Tuesday, as part of the companys first quarter results announcement, Encana Corp. (NYSE: ECA), based in Calgary, Alberta, Canada, said its San Juan acreage is commercial, meaning the company believes it can profitably drill and produce in New Mexico San Juan Basin.
Encana, like many energy companies across the country, has stepped up its search for oil due to the comparatively low level of natural gas commodity prices.
On the Colorado side of the border, the San Juan Basin is well known for its ability to produce natural gas from underground coal seams.
In New Mexico, Encana has partnered with local companies that have worked in the area for years, Hock said. The partnerships have drilled several wells horizontal wells into the Mancos shale formation.
Encana spent about $100 million in the basin in 2012 and expects to spend about the same amount in 2013, Hock said.

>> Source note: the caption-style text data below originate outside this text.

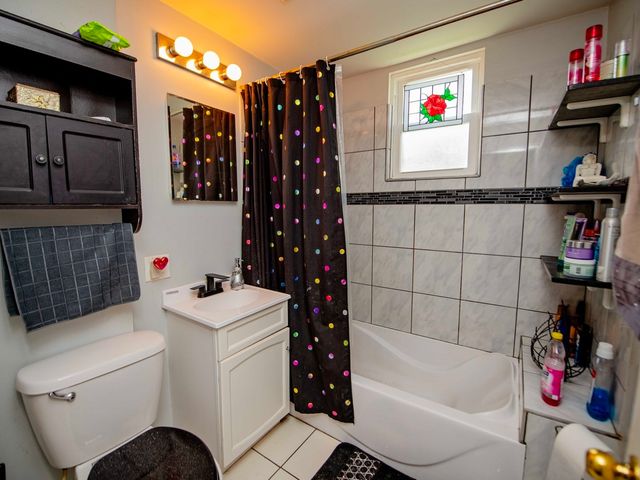 1742 N 34th Avenue, Stone Park, IL 60165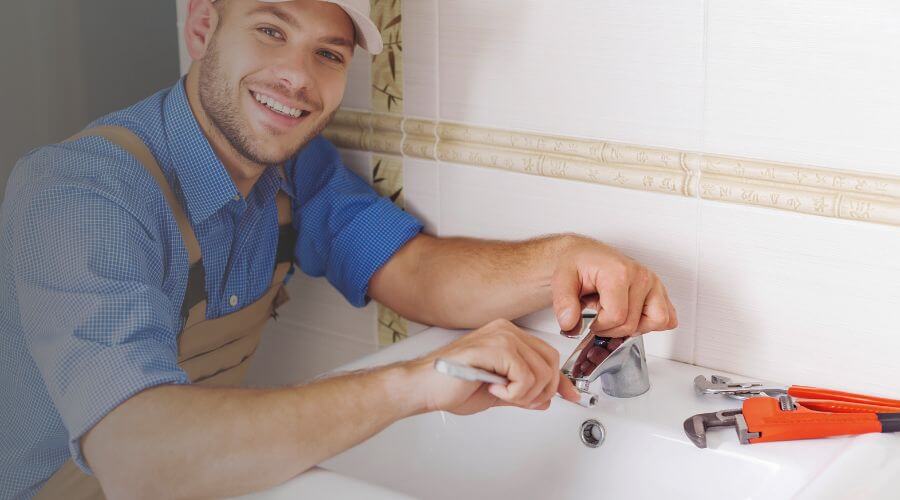 Professional clogged drains services in Edgewood, IA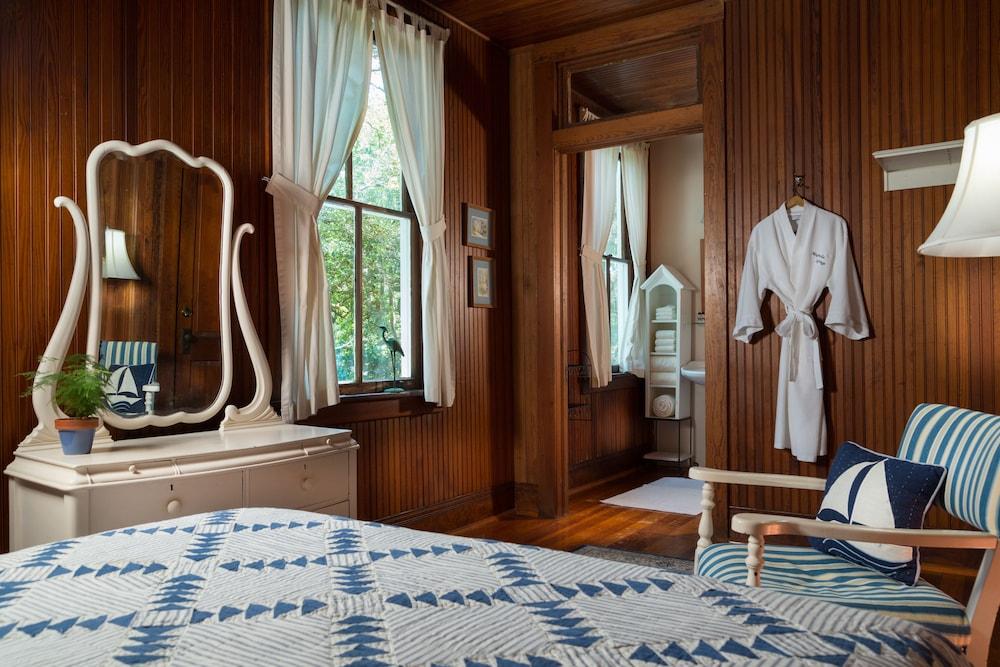 Magnolia Springs B&B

Encana has 160,000 net acres of mineral rights in the basin and running two drilling rigs with a third drilling rig expected to be moved into the area by the end of the year, the company said.
The last five wells Encana drilled in the San Juan area had initial, 30-day production rates of oil, gas and natural gas liquids (NGLs) ranging from the equivalent of 150 barrels of oil per day to 700 barrels of oil per day.
About 80 percent of the total production was oil, the company said. Wells have cost between $5 million and $6 million to drill.
Encanas Jeff Wojahn, executive vice president and president of the U.S. division, said during a conference call with analysts that each well in the San Juan area may produce between 200,000 barrels and 700,000 barrels of oil over its lifetime.